I had a dream that there was a screaming couple in my bedroom so I hid out in my own room that was crammed full of junk. It was like it used to be when I first claimed it. Who needs 2 spare rooms when you don't speak to your family and they never visit? I had blue wallpaper held up by tacks that held up most of the plaster. Slam the door and it still trickles down to my busted speakers. The giant old desk was propped up against the bed and I could barely move. I tried to tidy it up while the screaming got louder and louder and my stuff was hurled around in anger. My cousin with his terrible sideburns and robot knowledge crawled through the maze of paper and lace on the floor and kept trying to hold onto me. And it's all just gone, right now as I type this because the mail made such a noise coming through the letterbox and I've got to leave in an hour and I haven't done my hair yet. It is a mess and I always feel like I should pretty myself up a little for Kirsty simply because she is such a girl. I don't want her to despair. Like when she and another friend of mine tried to forcibly pluck my eyebrows.

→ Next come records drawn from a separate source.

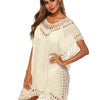 Bohemian Crochet Trim Beach Cover Up Dress - Pastel Yellow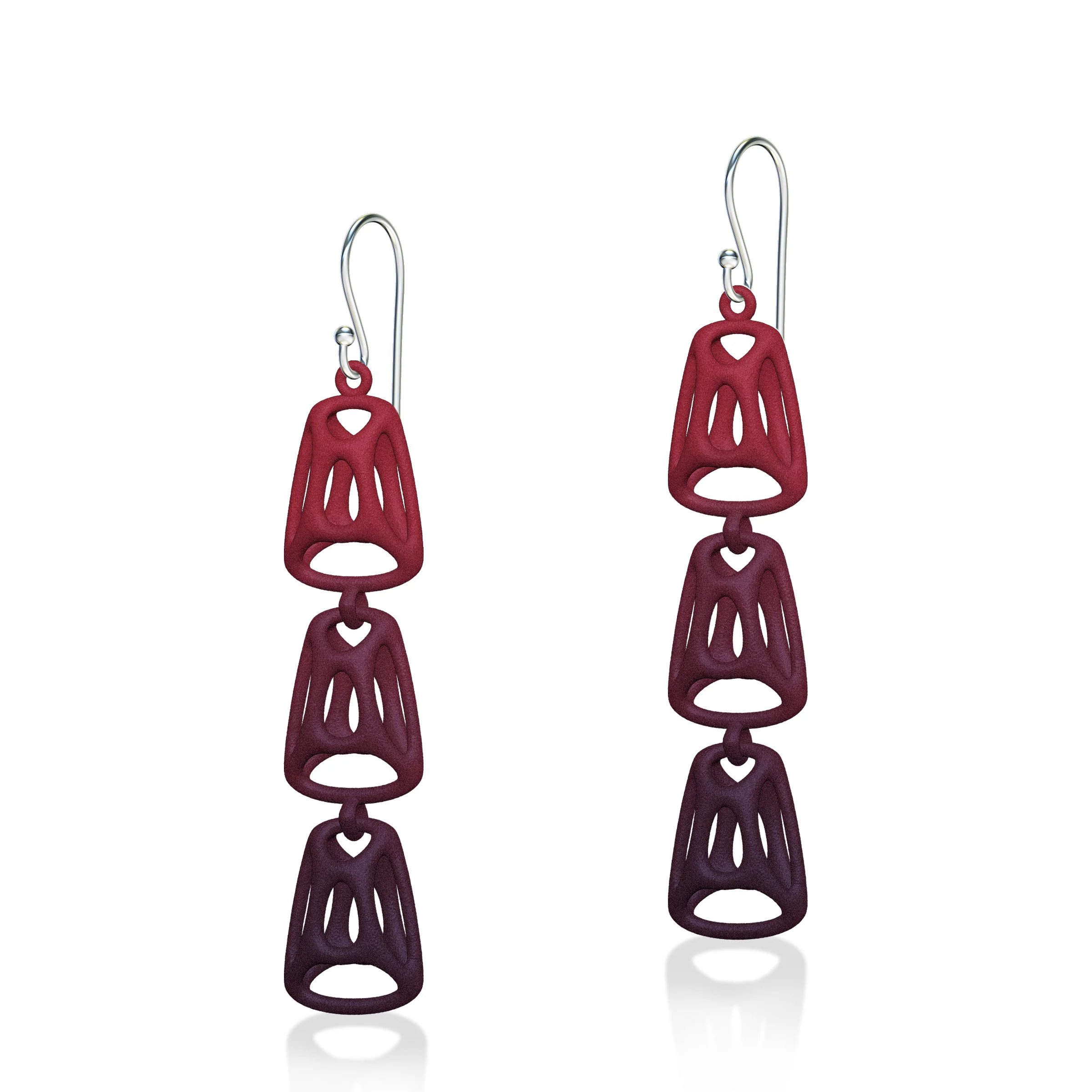 Triple Cellular Earrings - Red Gradient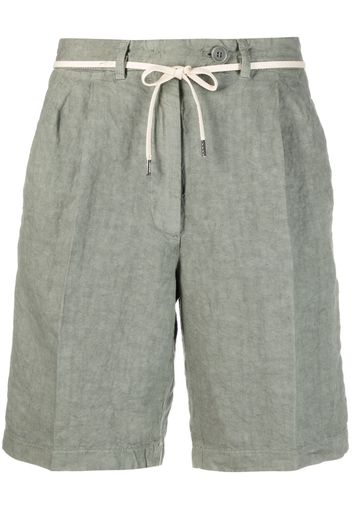 ASPESI tie-waist linen shorts - Grün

I suppose I should eat something. And you know stop typing things as they come into my head because god knows that's not a good idea.
I should take my nail varnish off instead of picking at it. The colour is called Dancing Queen. I may have bought it because it was called that although Carnival Queen was also very tempting. Full of glitter though and that goes gunky. Ah fuck, I need to decide if I can be bothered wearing a skirt. And see if I have money. And eat something. And do my hair. And fuck. My dreams are getting so fucking detailed and so bloody boring. I'm bored being asleep and I wake up shattered. Not fair! Oh! and it was so weird I found a bunch of pictures of a film called Blowup that seemed awesome and then it was on tv last night! Like it knew I wanted to see it. I also found a film version of Kerouac's The Subterraneans which I have set to record but have since found out it is terrible. But still I shall watch. I must admit The Lonesome Traveler has some beautifully insane descriptions but there's no point to any of it. I like it but I can't read it when I'm sleepy, makes me dizzy.
Ok, ok I'm going. Look at me being social and normal and sensible and I am out of underwear I think. Bleh mornings.